You can contact us via the web chat facility on momentummedicalscheme.co.za, email us at [email protected], send us a WhatsApp message or call us on 0860 11 78 59

Glossary of terms

Designated service providers: Momentum Medical Scheme uses a network of designated service providers, such as Associated GPs and Specialists, as well as State facilities, depending on the circumstances, to diagnose and treat our members for the Prescribed Minimum Benefits.

A formulary is a list of medicines covered on your option, from which a doctor can prescribe the appropriate medication for your chronic condition.

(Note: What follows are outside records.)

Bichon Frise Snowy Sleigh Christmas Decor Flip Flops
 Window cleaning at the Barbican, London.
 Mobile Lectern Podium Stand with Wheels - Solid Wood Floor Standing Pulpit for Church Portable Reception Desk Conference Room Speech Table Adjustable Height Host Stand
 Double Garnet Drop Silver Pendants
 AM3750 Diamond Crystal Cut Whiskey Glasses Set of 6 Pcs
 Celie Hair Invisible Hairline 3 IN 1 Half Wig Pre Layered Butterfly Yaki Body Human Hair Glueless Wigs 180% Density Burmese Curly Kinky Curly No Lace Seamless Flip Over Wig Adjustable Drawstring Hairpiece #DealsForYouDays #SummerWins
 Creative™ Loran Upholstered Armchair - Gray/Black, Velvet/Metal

ICD-10 is the diagnosis code.  

Prescribed Minimum Benefits is a list of benefits for which all medical schemes in South Africa have to provide cover in terms of the Medical Schemes Act No 131 of 1998. The Prescribed Minimum Benefits include life-threatening emergency medical conditions, a defined set of 271 diagnoses and 26 chronic conditions. Benefits are covered in full if you use the Scheme’s Designated Service Providers (DSPs). If you voluntarily choose to use non-designated service providers, the Scheme will pay benefits up to the Momentum Medical Scheme Rate and relevant co-payments will apply. If you use non-designated service providers in a life-threatening emergency, it is deemed involuntary and co-payments are therefore waived.